Postgresql – What indexing to be used over string columns(text type) with string length around 3000 characters


I am using open source columnar dbms (postgresql+Cstore).

I am trying to speed up the response time of queries. My database has tables with strings mostly. String columns contain huge data (up to 3000 characters per value). A linear look up will take it too long to give results. My queries vary from simple '=' to like, contain and wildcards.

I am unable to conclude on what indexing should I use on string columns. I have hash table, trie structure, B+ tree index in mind.

The problem with hash table is collisions and even if use perfect hashing, there are chances of returning false positives. Moreover, hash index cannot solve like, contains and wild card queries. Apart from that, my data have duplicate values in columns like company name etc., and building perfect hash is getting difficult over values with duplicates in them.

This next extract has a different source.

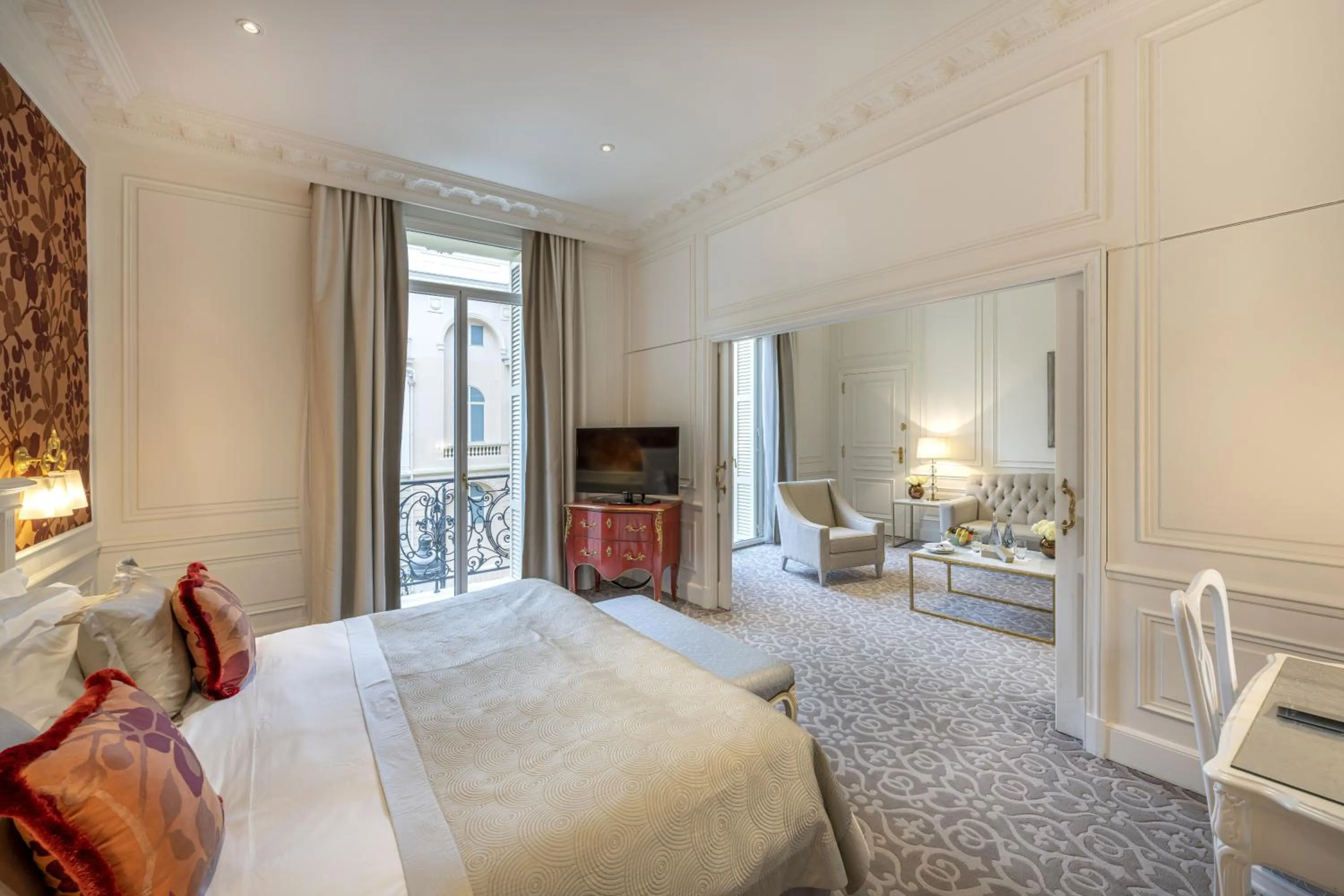 Photo of the whole room, Bed in Hôtel Hermitage Monte-Carlo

Trie and B+ tree: Trie seems useful for all the queries, but as I mentioned, my strings are of huge length. Can trie be scaled to that extent? I have the same question regarding B+ Tree also.

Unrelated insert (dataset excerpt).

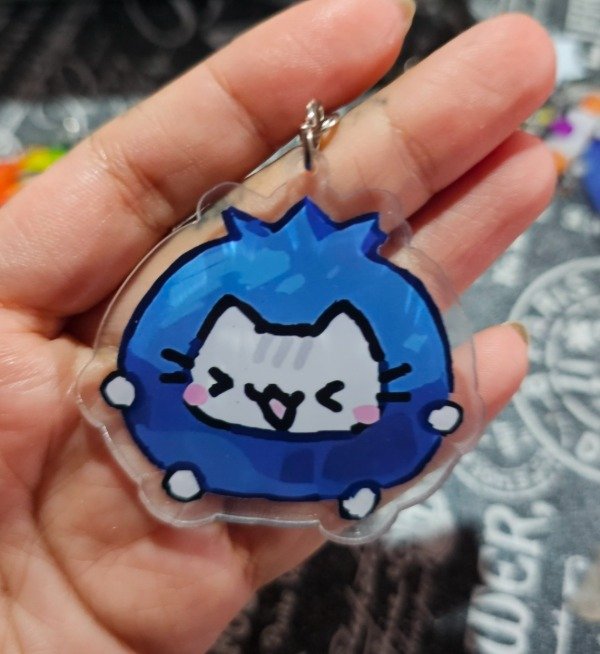 Producto - Llavero acrílico gatito fruta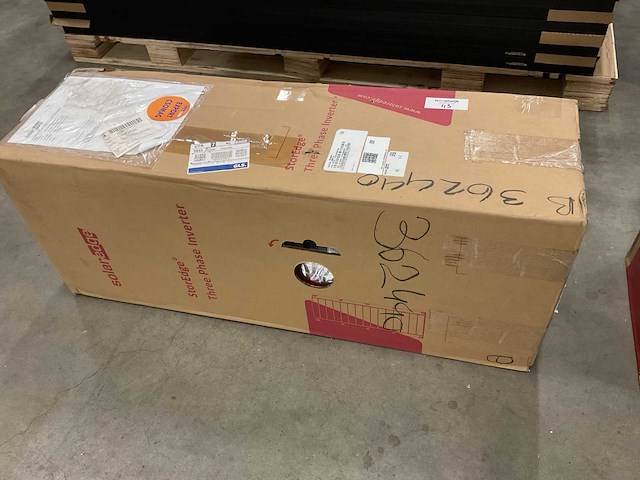 Solar edge se5k-rws48ben4 omvormer - afbeelding 1 van  3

So, to sum up, I have lengthy string columns and I need speed in query execution. Which indexing should I use, or is there any other method to speed up searches, apart from what I've mentioned?

Best Answer

Are you looking to use the existing methods already implemented in PostgreSQL, or to implement your own new indexing methods?

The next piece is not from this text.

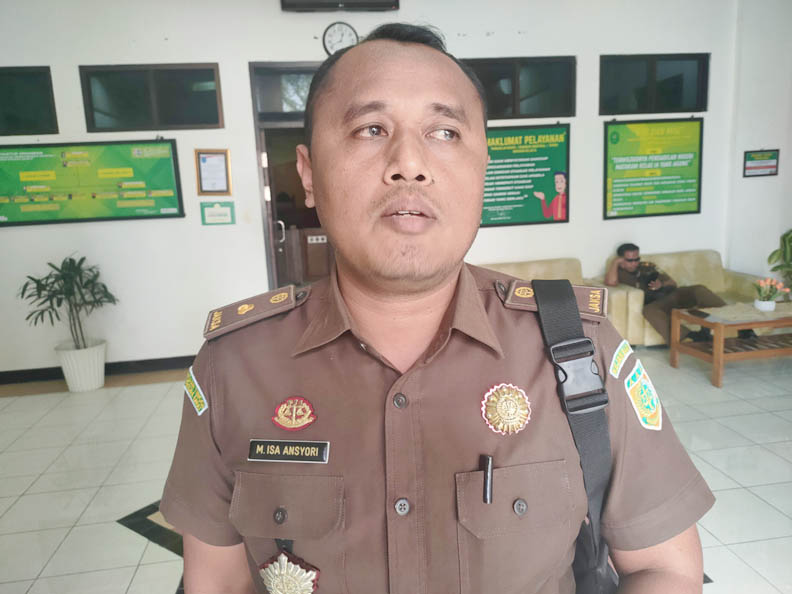 Kasi Pidsus Kejari Lotim M Isa Ansyori. (Dok/Lombok Post)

PostgreSQL's implementation of b-tree indexes cannot index values longer than about 2712 (although it will compress the value if it is highly compressible, before failing due to size) unless you recompile PostgreSQL with a non-standard block size.

PostgreSQL has hash indexes, but they are discouraged because they are not crash-safe. And as you say, it would only support '=' operators.

You might be able to use the pg_trgm extension which creates a type of GIN index which can support LIKE queries. It should be able to accommodate your long strings, but it might not be very effective with them. But with some C programming you could perhaps customize it to suit your usage.